Since \( \omega^3 = 1 \):
\( = 64 (1)^4 \)
\( = 64 \)
Both expressions simplify to 64. Hence proved.
In simple words: This problem asks us to show that two different complex expressions, when raised to the power of 6, both equal 64. We solve it by using the basic properties of cube roots of unity to simplify the expressions inside the brackets first, then calculate the power. Grouping similar terms helps make the substitutions clearer.

🎯 Exam Tip: When faced with polynomial expressions involving cube roots of unity, group terms to apply the \( 1 + \omega + \omega^2 = 0 \) identity effectively. This simplifies the base of the power, making the final calculation much easier.

Question 6. Prove that \( \omega^{28} + \omega^{29} + 1 = 0 \)
Answer:
Given that \( \omega \) is a cube root of unity, we know that \( \omega^3 = 1 \).
L.H.S. \( = \omega^{28} + \omega^{29} + 1 \)
To simplify powers of \( \omega \), we divide the exponent by 3 and use the remainder. For example, \( \omega^n = \omega^{3k+r} = (\omega^3)^k \cdot \omega^r = 1^k \cdot \omega^r = \omega^r \).
For \( \omega^{28} \): \( 28 = 3 \times 9 + 1 \), so \( \omega^{28} = \omega^1 = \omega \).
For \( \omega^{29} \): \( 29 = 3 \times 9 + 2 \), so \( \omega^{29} = \omega^2 \).
Substitute these simplified forms back into the expression:
\( = \omega + \omega^2 + 1 \)
We know that for cube roots of unity, \( 1 + \omega + \omega^2 = 0 \).
\( = 0 \)
L.H.S. \( = \) R.H.S. Hence proved.
In simple words: To simplify high powers of \( \omega \), we divide the exponent by 3 and keep only the remainder as the new power. For example, \( \omega^{28} \) becomes \( \omega^1 \). After simplifying all terms, we use the rule that \( 1 + \omega + \omega^2 \) is always zero.

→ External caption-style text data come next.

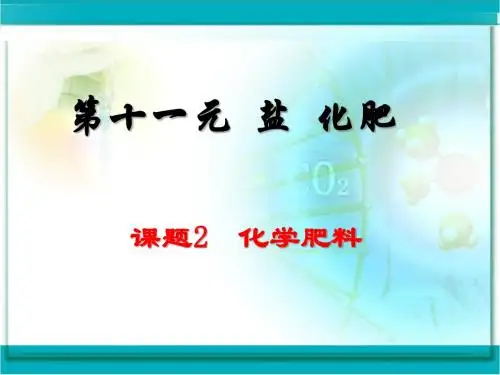 11.2 化学肥料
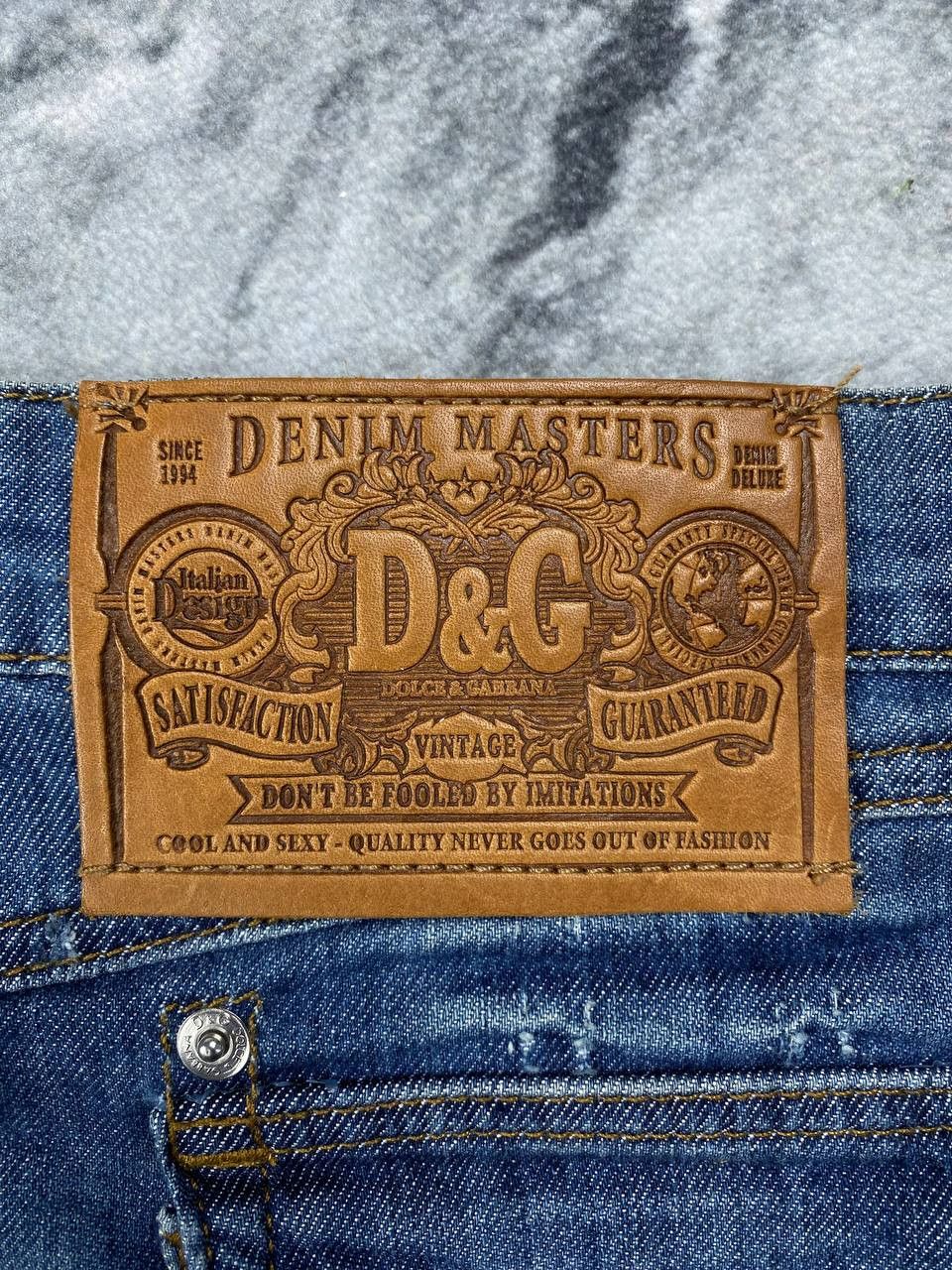 Dolce & Gabbana Vintage Dolce Gabbana Denim Mini Skirt Women Size 26/40 Blue Size 26" / US 2 / IT 38 - 15 Thumbnail
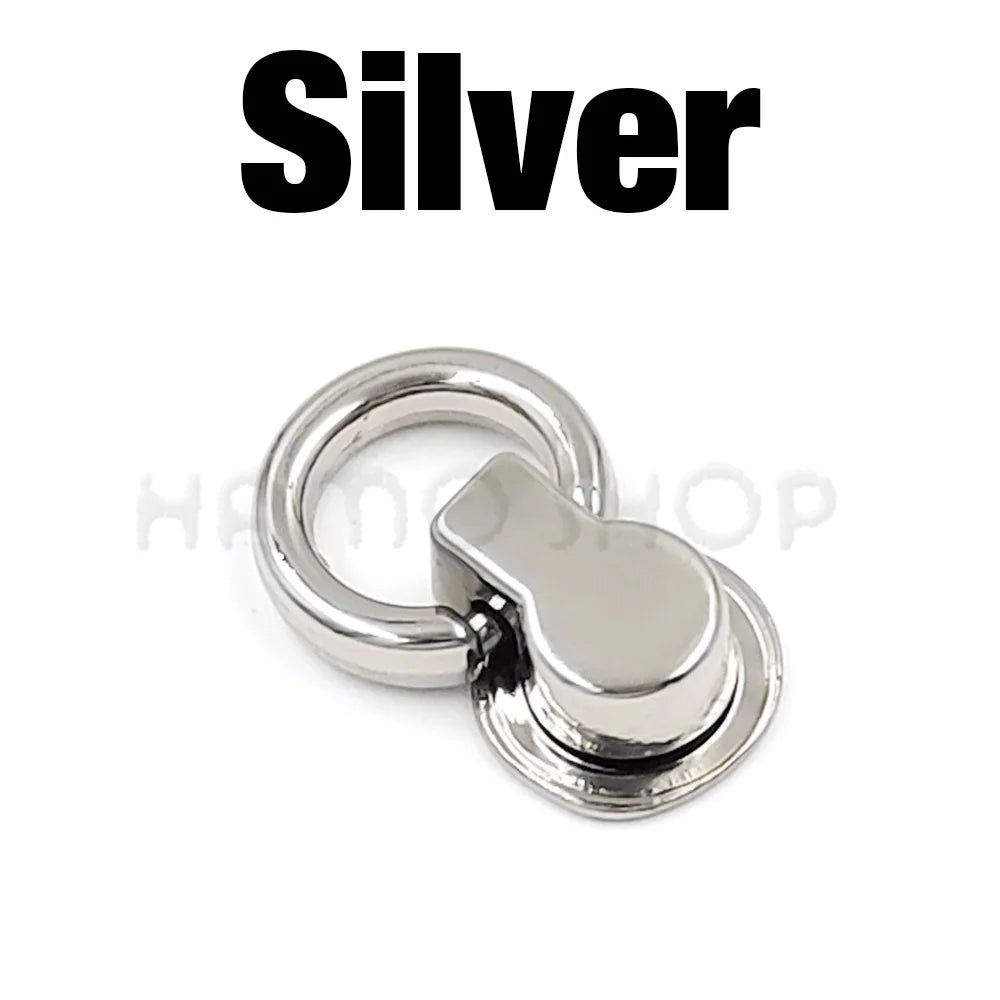 10er Set Metall O Ring Stud Niet Schraube Aufhänger für Taschen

🎯 Exam Tip: For large powers of \( \omega \), always reduce the exponent modulo 3. That is, divide the exponent by 3 and use the remainder as the new exponent of \( \omega \). This makes calculations much faster and simpler.

Question 7. If 1, \( \omega \), \( \omega^2 \) are the cube roots of unity, prove that \( \omega^n + \omega^{2n} = 2 \) or \( -1 \) according as \( n \) is a multiple of 3 or any other integer.
Answer:
We are given that 1, \( \omega \), \( \omega^2 \) are the cube roots of unity. This means \( \omega = \frac{-1+\sqrt{3}i}{2} \) and \( \omega^2 = \frac{-1-\sqrt{3}i}{2} \). We also know \( \omega^3 = 1 \) and \( 1 + \omega + \omega^2 = 0 \).
We need to prove that \( \omega^n + \omega^{2n} \) is either 2 or -1, depending on whether \( n \) is a multiple of 3.

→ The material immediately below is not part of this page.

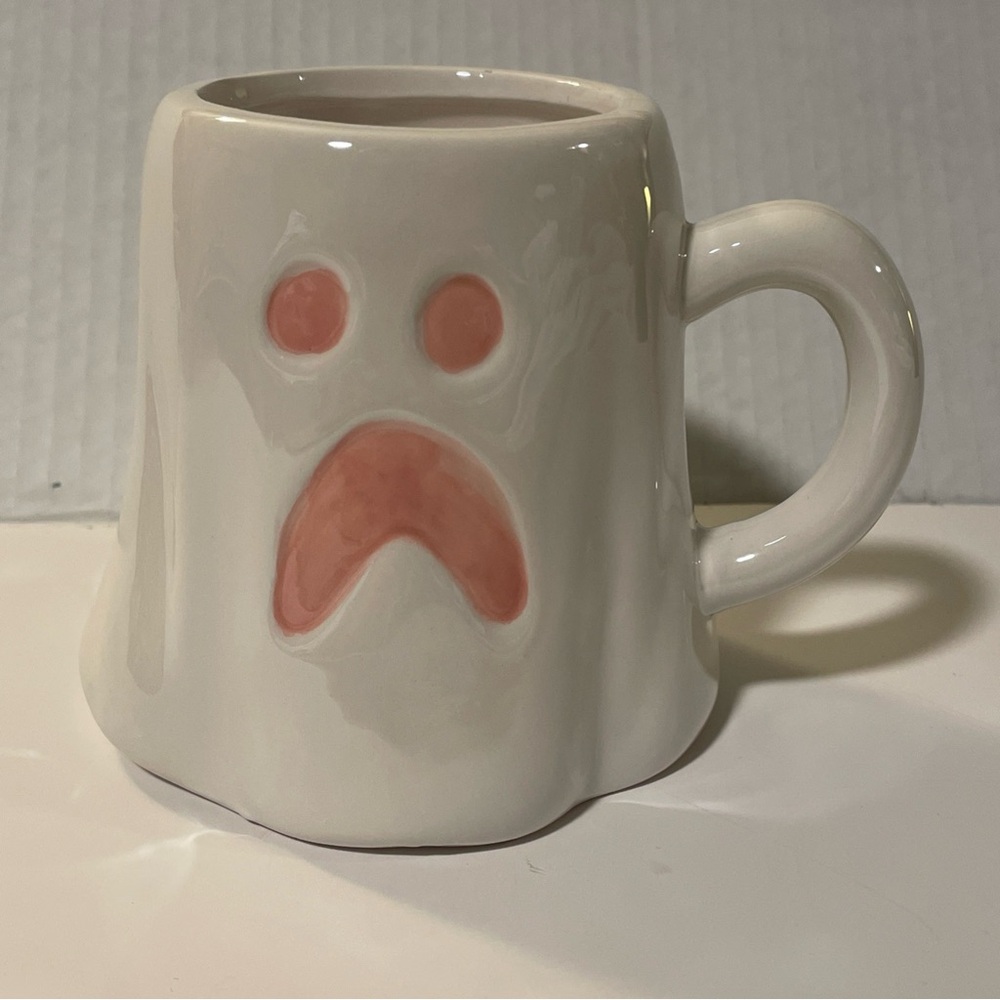 Transpac Ceramic Pink Ghost Mug Halloween New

Case-I: When \( n \) is a multiple of 3.
Let \( n = 3k \) for some integer \( k \).
Then \( \omega^n + \omega^{2n} = \omega^{3k} + \omega^{2(3k)} \)
\( = \omega^{3k} + \omega^{6k} \)
\( = (\omega^3)^k + (\omega^3)^{2k} \)
Since \( \omega^3 = 1 \):
\( = (1)^k + (1)^{2k} \)
\( = 1 + 1 \)
\( = 2 \)
So, if \( n \) is a multiple of 3, \( \omega^n + \omega^{2n} = 2 \).

Case-II: When \( n \) is not a multiple of 3.
If \( n \) is not a multiple of 3, then \( n \) can be of the form \( 3k+1 \) or \( 3k+2 \) for some integer \( k \).

Subcase-II (a): When \( n = 3k+1 \).
Then \( \omega^n + \omega^{2n} = \omega^{3k+1} + \omega^{2(3k+1)} \)
\( = \omega^{3k+1} + \omega^{6k+2} \)
\( = \omega^{3k} \cdot \omega^1 + \omega^{6k} \cdot \omega^2 \)
\( = (\omega^3)^k \cdot \omega + (\omega^3)^{2k} \cdot \omega^2 \)
Since \( \omega^3 = 1 \):
\( = (1)^k \cdot \omega + (1)^{2k} \cdot \omega^2 \)
\( = \omega + \omega^2 \)
From \( 1 + \omega + \omega^2 = 0 \), we know \( \omega + \omega^2 = -1 \).
So, if \( n = 3k+1 \), \( \omega^n + \omega^{2n} = -1 \).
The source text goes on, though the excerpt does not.